As a region, the northeast is demarcated by Indias international
boundaries with China, Myanmar (formerly Burma), Bhutan and Bangladesh,
and internally by the boundary between Assam and a very narrow
strip of northern West Bengal known as the chickens
neck. The 1947 communal partition of British India thus
further enhanced the regions relative isolation from the
rest of India and created new barriers to the free movement of
its many peoples, who historically have interacted with China,
southeast Asia and the Indian core, absorbing and in turn influencing
their respective cultural traditions.
Considered among the least developed of Indias regions,
the northeast is inhabited by both tribal and non-tribal people,
with the tribes generally inhabiting the mountainous regions and
the non-tribal people inhabiting the valleys.
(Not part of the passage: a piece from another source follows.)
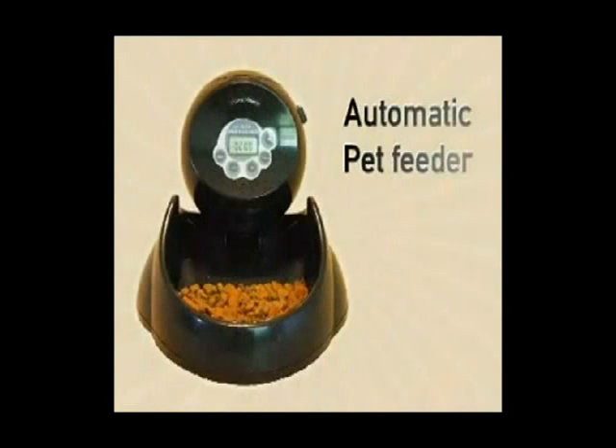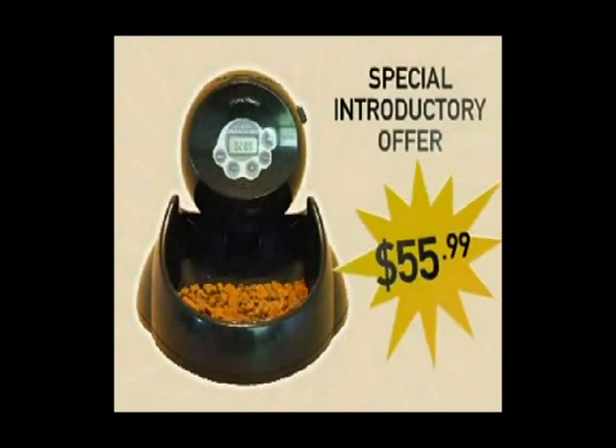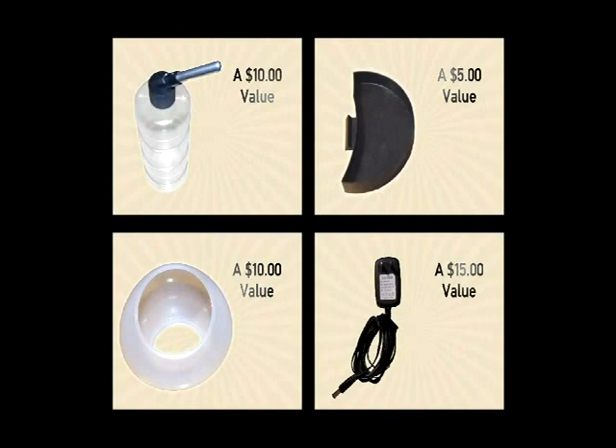But act now, and you'll receive this unique product for only $55.99. Plus, you'll receive an attached water bottle, valued at $10, free of charge.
Within the limits of the validity of ethnic classification,
three main ethnic groups can be distinguished in Manipur: the
Meitei, the Kuki and the Nagas. Historically, the Kukis and the
Nagas have inhabited the mountains and the forests, whereas the
Meitei are valley-dwellers. While the tribes communicate amongst
themselves in their own dialects, Meitei, is the official language
of the state and is spoken by a majority of its people.
Historically, one of the most distinguishing characteristic
of tribes is that they form local self-contained economic units.
Goods that are not indigenously produced are acquired from neighbouring
tribes through barter exchange. Though tribal economies in the
northeast previously displayed this characteristic, this is no
longer the case due to the penetration of capitalist relations
into the region, a process that began under British rule but which
has advanced rapidly since 1947. Today, the northeastern tribes
deal in cash and purchase many modern conveniences such as televisions.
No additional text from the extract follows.